J'ai parlé, d'abord à mon conjoint : ensuite à mon père, qui me relayait les dénigrements et les attaques de mon frère à mon encontre (qui ont commencé étrangement une fois le délai de prescription achevé...). J'ai écrit un mail à mes frères, dénonçant mon vécu, sans nommer mon agresseur : je n'ai reçu aucune réponse de leur part. Ils font corps autour de l'agresseur, qui a mené depuis trois ans une telle campagne de dénigrement contre moi que tout rétablissement de la vérité me semble impossible. A part mon père, nous n'avons plus aucune relation avec ma famille.
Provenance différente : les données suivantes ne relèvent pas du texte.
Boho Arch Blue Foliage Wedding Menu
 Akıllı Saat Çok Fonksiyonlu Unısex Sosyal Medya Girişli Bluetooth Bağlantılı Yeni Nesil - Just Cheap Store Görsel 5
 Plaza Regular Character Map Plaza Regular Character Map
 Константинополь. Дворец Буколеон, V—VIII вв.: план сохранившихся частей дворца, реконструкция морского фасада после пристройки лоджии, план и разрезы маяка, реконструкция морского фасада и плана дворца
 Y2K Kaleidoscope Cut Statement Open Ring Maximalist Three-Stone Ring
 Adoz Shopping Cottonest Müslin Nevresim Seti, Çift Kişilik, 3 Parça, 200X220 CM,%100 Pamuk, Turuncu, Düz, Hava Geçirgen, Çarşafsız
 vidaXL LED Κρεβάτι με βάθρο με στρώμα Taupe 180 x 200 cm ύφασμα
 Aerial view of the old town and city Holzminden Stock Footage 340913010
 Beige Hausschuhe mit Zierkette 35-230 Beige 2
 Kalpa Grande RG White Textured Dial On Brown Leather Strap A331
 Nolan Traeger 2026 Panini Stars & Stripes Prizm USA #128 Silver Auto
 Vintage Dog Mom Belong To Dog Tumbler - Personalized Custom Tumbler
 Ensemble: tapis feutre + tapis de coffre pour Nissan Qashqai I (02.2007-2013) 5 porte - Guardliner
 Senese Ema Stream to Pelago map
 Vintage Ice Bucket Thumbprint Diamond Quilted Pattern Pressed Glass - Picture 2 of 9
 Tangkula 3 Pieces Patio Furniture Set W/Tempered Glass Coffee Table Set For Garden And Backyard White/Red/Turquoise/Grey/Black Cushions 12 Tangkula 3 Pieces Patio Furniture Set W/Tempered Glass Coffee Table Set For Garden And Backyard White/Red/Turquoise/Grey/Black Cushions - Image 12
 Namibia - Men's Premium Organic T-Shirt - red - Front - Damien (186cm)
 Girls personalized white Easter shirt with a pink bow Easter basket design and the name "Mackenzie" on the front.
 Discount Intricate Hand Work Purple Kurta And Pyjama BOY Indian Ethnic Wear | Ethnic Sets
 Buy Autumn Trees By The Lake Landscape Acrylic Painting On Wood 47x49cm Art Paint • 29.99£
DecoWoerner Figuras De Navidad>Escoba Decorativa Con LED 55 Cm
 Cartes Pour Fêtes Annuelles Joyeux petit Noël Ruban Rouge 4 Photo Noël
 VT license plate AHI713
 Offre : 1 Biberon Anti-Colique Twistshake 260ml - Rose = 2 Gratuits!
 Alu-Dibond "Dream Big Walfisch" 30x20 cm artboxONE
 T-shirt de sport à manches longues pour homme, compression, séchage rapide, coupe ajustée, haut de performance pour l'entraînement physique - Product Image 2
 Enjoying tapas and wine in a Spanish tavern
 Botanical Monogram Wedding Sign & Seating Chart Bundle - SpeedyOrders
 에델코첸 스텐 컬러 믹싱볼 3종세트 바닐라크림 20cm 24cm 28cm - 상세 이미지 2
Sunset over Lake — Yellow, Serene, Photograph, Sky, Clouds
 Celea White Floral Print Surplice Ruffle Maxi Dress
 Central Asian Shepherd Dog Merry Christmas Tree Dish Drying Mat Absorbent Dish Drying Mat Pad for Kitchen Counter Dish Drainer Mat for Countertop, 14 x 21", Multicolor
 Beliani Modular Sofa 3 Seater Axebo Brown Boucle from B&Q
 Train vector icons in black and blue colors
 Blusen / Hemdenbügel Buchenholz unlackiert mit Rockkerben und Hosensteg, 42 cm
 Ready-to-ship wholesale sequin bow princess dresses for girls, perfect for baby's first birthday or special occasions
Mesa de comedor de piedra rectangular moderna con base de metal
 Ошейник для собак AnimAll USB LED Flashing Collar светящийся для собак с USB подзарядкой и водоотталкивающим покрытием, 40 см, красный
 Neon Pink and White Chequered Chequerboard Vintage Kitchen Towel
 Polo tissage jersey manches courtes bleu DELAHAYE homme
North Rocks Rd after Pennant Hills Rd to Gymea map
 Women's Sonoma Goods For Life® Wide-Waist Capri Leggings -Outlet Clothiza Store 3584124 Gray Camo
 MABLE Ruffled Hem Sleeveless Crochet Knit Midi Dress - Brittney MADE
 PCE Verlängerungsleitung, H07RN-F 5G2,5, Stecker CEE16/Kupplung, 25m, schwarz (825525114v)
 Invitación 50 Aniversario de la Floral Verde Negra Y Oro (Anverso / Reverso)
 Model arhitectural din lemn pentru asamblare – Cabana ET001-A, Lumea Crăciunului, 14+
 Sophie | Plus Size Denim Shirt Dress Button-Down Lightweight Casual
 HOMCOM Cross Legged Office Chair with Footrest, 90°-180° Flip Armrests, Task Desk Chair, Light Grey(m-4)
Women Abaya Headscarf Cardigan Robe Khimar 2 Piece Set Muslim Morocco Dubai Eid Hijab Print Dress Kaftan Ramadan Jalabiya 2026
Mes filles ne connaissent pas mon histoire, je sais qu'il faudra leur en parler. Briser la chaîne est un acte difficile. J'ai appris récemment que ma grand-mère (mère de ma mère) aurait vraisemblablement elle aussi subi l'inceste de son beau-père. J'ignore où débute la chaîne des violences sexuelles intrafamiliales dans ma famille, j'ai juste l'espoir d'avoir été le dernier maillon - mais savoir que ma mère a partagé ce même espoir, et que cela n'a rien empêché malgré tout, me glace terriblement.